Echo Us started life as an electronic pop group in Boston back in the year 2000 but only really came into full bloom in 2003 when multi-instrumentalist Ethan Matthews moved to Portland and used the band as an outlet for his musical expression. As such performing on this disc are: Ethan Matthews (electric & nylon string (Spanish) guitar, Yamaha 'silent' guitar, filtered octave guitar, fog horn, synthesizers/piano, Ashbory Bass, percussion (forks, pirouette cookie containers, screwdriver), harmonium, glockenspiel, programming/sound design, lead, background, and resampled vocalizations) along with: Raelyn Olson (concert harp), Henta (vocals), Chris Smith (flute, piccolo) and Christina Fitzgerald (oboe). The complexly titled, II:XII, A Priori Memoriae is actually their (his?) fourth studio outing and probably their most symphonically structured.

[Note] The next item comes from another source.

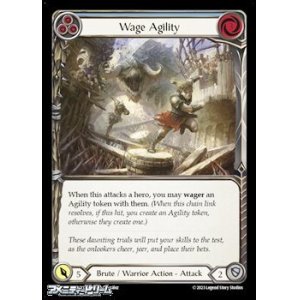 画像: 【EN Rainbow Foil】Wage Agility(171)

II: XII, A Priori Memoriae is made up of eleven compositions many of which are less than four-minutes in length and in many cases seem to be binding musical selections for the three or four longer compositions. Right off the top to get a musical reference point I was reminded of the music of Vangelis and Olias of Sunhillow era Jon Anderson with a bit of early Patrick Moraz. We start off with “Vestige” [3:28] where layers of keyboards create wave after wave of symphonic crescendos like the music of Vangelis or even Mike Oldfield. In fact a lot of the music here is instrumental with short vocal lines sprinkled here and there or sometimes it’s choir-like and then at other times its filtered spoken-word passages as if from space. Most everything is connected, making for a lushly symphonic, heavily orchestrated musical experience. Many different guitar sounds, both acoustic and electric are incorporated at different points along the way. Because the individual compositions themselves contain so many changes in time, tempo, structure and instrument arrangement it’s almost inconsequential where one song stops and another starts.     


Fans of progressive rock from artists such as Mike Oldfield, Vangelis and early Jon Anderson will find much to appreciate and enjoy here. Echo Us create a very organic music that is warm and inviting most of the time and yet there are moments of distinct musical contrast that elevates the musical feel way beyond what some might consider New Age or background music. There is much that is bold and dramatic on this disc and certainly the more I listened to it the more I was able to appreciate the deep levels of compositional complexity. Symphonic Prog fans should love this. Recommended.